Skip to content

fix(ce-resolve-pr-feedback): drop clustering, default to merit-based fixing#893

Merged
tmchow merged 1 commit into
mainfrom
tmchow/resolve-pr-feedback-streamline
Jun 2, 2026
Merged

fix(ce-resolve-pr-feedback): drop clustering, default to merit-based fixing#893
tmchow merged 1 commit into
mainfrom
tmchow/resolve-pr-feedback-streamline

Conversation

@tmchow
Copy link
Copy Markdown
Collaborator

@tmchow tmchow commented Jun 1, 2026

Summary

ce-resolve-pr-feedback was carrying two things that no longer earn their keep: a gated cross-invocation cluster analysis that fired rarely yet cost loaded tokens on every run, and a "fix everything valid, when in doubt fix it" policy calibrated for human reviewers — which churns the code when applied to today's bot-dominated feedback.

This reshapes the skill around two principles: judge each item on its merits (regardless of who raised it or in what form) and default to fixing, diverting only when reading the code trips a concrete signal.
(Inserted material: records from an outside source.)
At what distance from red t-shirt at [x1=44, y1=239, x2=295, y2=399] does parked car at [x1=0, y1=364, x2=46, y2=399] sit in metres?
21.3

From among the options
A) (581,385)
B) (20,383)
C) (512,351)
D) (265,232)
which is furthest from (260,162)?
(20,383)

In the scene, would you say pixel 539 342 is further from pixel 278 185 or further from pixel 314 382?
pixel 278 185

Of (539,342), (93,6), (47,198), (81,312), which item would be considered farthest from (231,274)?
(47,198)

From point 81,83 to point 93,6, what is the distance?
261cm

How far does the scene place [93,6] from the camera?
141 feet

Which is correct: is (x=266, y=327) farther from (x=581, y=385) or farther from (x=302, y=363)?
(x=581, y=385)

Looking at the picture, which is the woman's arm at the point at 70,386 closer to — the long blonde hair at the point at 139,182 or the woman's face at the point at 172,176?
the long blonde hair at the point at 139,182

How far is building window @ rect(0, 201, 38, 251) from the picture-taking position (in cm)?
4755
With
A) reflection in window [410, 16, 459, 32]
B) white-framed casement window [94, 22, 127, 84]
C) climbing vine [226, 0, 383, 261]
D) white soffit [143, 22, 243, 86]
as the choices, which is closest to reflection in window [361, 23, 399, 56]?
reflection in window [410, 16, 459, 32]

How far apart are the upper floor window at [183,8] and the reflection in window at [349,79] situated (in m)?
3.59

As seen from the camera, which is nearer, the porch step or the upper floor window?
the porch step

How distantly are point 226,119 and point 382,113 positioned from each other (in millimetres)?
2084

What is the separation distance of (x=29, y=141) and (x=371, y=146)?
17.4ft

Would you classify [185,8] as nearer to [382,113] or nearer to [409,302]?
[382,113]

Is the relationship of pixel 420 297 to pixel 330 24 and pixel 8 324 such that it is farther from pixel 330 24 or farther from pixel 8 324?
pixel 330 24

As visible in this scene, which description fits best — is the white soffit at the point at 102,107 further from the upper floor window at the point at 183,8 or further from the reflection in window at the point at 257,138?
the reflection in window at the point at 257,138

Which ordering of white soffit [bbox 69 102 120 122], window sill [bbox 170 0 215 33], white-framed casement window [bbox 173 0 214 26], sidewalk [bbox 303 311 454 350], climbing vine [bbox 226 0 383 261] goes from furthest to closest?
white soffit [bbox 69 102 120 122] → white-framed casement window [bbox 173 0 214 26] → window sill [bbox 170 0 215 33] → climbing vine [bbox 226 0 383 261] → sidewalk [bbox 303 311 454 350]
It's faster (no per-run clustering pass, leaner loaded context) and steadier — it stops over-fixing bot noise without under-fixing real nitpicks.

What changed

Clustering is gone, end to end. The cross-invocation analysis required multi-round review and spatial overlap to fire — a narrow path that taxed every run regardless. Its one real benefit, broader investigation of recurring patterns, folds into the resolver's own judgment when it reads the file. full-mode drops from 10 steps to 9; the resolver agent loses Cluster Mode; the fetch script drops the cross_invocation envelope.
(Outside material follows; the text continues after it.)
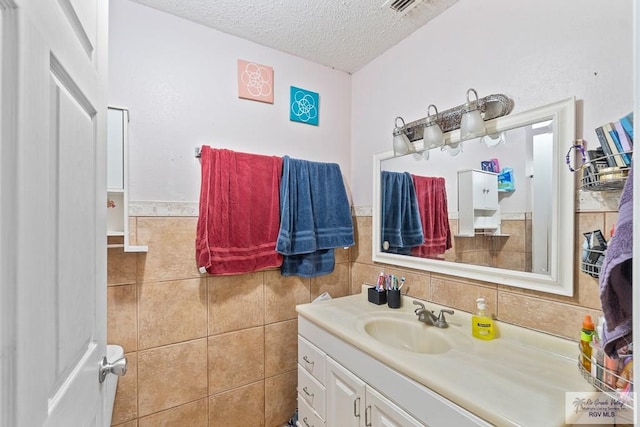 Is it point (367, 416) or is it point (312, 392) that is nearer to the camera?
point (367, 416)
The resolver is now a default-fix tripwire, not a per-item gate. Most feedback is correct and simply gets fixed. The agent has to read the code to make the fix anyway, so the validation checks are tripwires it notices during that read — not a separate analysis pass. It diverts only on a concrete signal:

Signal Verdict
Finding doesn't hold (the code disproves it) not-addressing
Fix would make the code worse declined
Change buys nothing real (cosmetic / immaterial) replied
Risk can't be bounded after de-risking needs-human
It's a question, not a change replied / needs-human

An explicit guard keeps this from sliding into over-thinking: "'I'm uneasy' is not a tripwire; 'I read the callers and this breaks X' is." Correct nitpicks still get fixed — the skip bar is "no benefit," not "minor."

Source and form no longer change the verdict. Human vs. bot, and inline thread vs. formal review body vs. top-level comment, are judged identically. Form changes only the reply/resolve mechanics (GraphQL resolve vs. a top-level reply), never whether a finding is correct — and there's deliberately no bot-classification heuristic, which would risk dismissing a real bot-caught bug.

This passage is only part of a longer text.